▸ **WHAT IS EXPECTED**: Using the records that appear below, write out exactly the lines from the one with "Skoda Octavia III" through the one with "vestido-pau-a-pique-algodao-basico-9846-verde-f", keeping both end lines.

▸ **RECORDS SUPPLIED**:
□ □ □ □ □ □ □

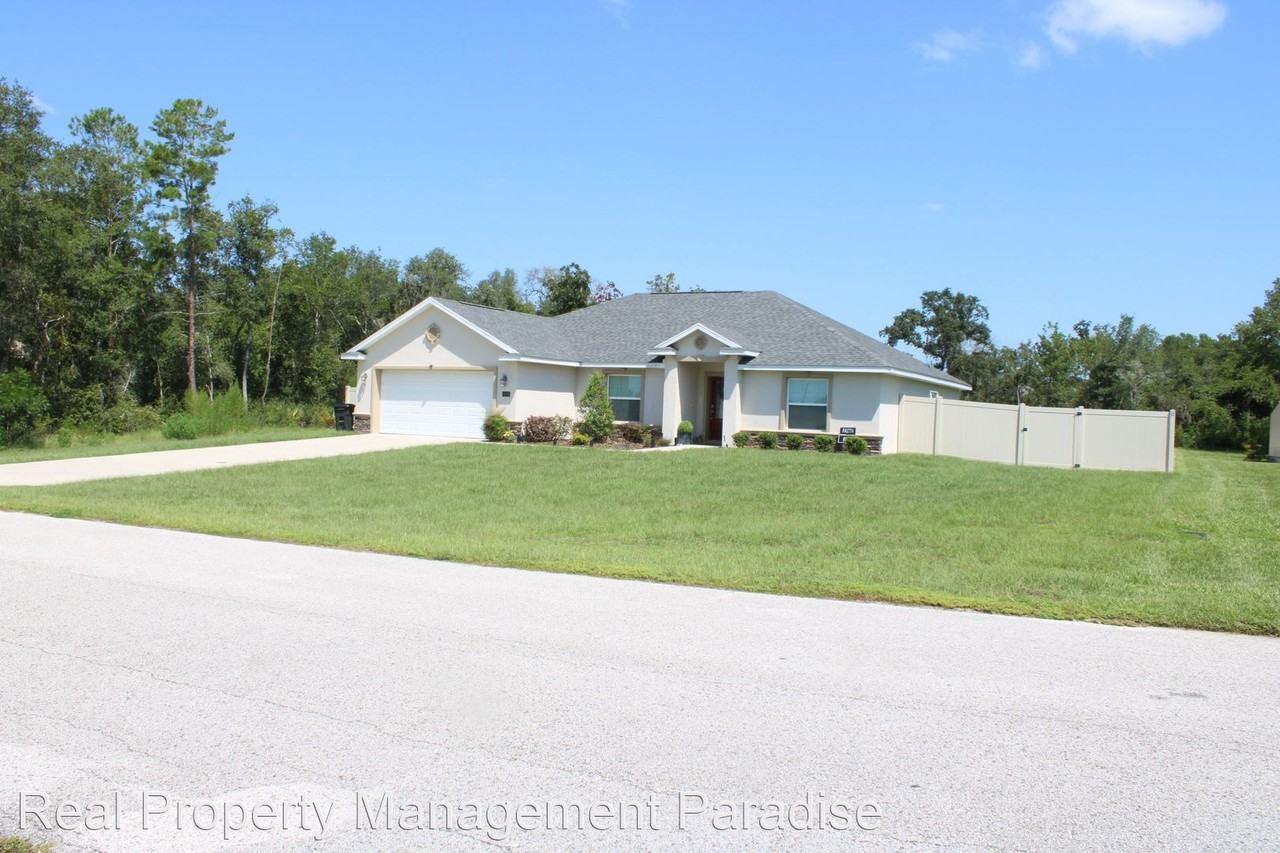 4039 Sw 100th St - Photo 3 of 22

□ □ □ □ □ □ □

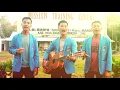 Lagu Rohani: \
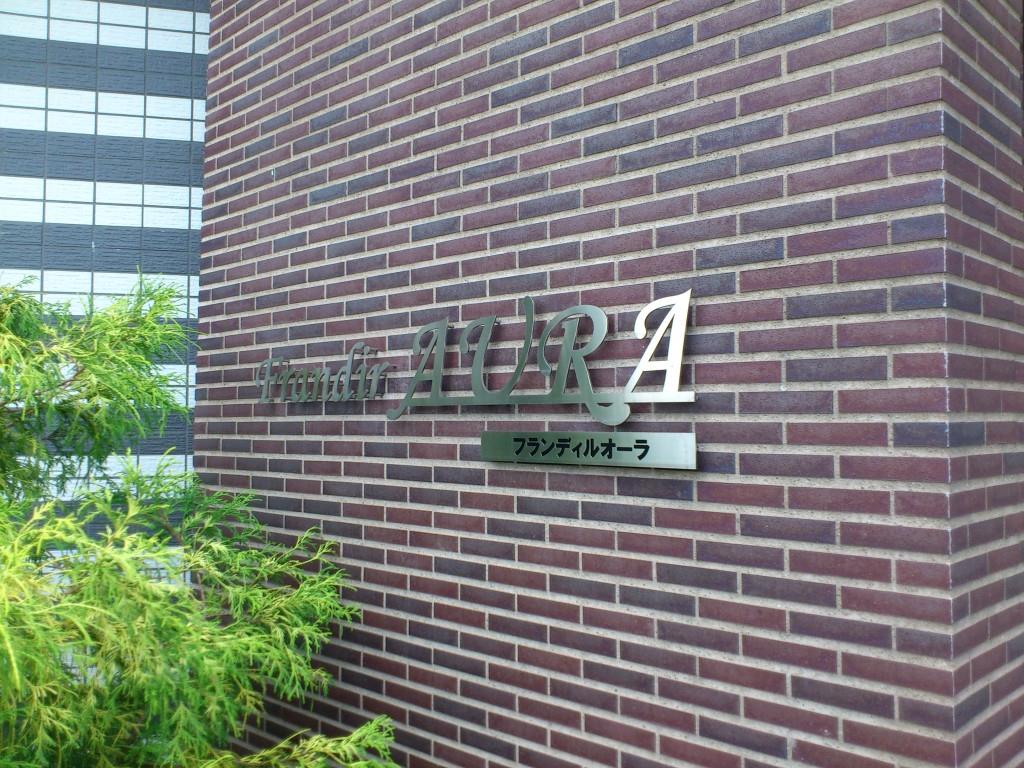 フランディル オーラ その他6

□ □ □ □ □ □ □

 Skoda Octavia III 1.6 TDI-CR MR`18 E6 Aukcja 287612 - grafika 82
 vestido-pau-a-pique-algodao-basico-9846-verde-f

□ □ □ □ □ □ □

▸ **RESULT OF THIS EXERCISE**:
 Skoda Octavia III 1.6 TDI-CR MR`18 E6 Aukcja 287612 - grafika 82
 vestido-pau-a-pique-algodao-basico-9846-verde-f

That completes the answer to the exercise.